▶ _What you will do_
Pull every line containing "Seeds" from the entries.

Scraped caption text data:

---*---

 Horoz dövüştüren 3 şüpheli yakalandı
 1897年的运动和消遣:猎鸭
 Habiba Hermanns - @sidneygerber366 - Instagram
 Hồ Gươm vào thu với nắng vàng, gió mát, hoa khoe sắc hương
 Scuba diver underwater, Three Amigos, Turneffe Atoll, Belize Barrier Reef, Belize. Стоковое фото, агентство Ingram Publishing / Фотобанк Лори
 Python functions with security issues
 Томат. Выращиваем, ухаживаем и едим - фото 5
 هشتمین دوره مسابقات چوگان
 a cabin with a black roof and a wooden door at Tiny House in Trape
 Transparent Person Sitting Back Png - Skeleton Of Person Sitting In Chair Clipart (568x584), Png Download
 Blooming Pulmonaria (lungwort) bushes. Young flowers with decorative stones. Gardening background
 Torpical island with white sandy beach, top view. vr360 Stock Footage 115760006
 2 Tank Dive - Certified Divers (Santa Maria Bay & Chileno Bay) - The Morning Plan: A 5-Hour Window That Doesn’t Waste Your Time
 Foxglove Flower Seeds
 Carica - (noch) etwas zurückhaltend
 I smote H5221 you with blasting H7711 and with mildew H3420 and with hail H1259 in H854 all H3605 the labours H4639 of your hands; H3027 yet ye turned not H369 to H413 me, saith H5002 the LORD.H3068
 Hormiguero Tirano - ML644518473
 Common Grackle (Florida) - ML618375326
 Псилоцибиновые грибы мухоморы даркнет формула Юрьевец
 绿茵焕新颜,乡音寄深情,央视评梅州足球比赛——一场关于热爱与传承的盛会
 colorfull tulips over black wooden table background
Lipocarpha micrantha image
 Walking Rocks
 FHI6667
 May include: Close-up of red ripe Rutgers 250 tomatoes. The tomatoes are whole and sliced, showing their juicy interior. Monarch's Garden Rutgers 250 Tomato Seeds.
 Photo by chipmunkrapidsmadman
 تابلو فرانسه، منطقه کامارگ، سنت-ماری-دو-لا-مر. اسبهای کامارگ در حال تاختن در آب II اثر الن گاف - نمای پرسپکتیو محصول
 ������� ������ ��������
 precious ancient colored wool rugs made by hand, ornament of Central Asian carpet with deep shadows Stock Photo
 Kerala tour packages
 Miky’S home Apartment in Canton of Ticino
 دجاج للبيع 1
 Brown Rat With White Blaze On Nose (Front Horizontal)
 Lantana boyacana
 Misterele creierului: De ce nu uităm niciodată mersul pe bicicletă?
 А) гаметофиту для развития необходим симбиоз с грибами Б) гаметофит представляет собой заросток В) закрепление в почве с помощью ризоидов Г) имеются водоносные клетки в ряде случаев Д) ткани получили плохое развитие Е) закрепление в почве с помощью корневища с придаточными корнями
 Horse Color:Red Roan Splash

---*---

▶ _Answer area_
 Foxglove Flower Seeds
 May include: Close-up of red ripe Rutgers 250 tomatoes. The tomatoes are whole and sliced, showing their juicy interior. Monarch's Garden Rutgers 250 Tomato Seeds.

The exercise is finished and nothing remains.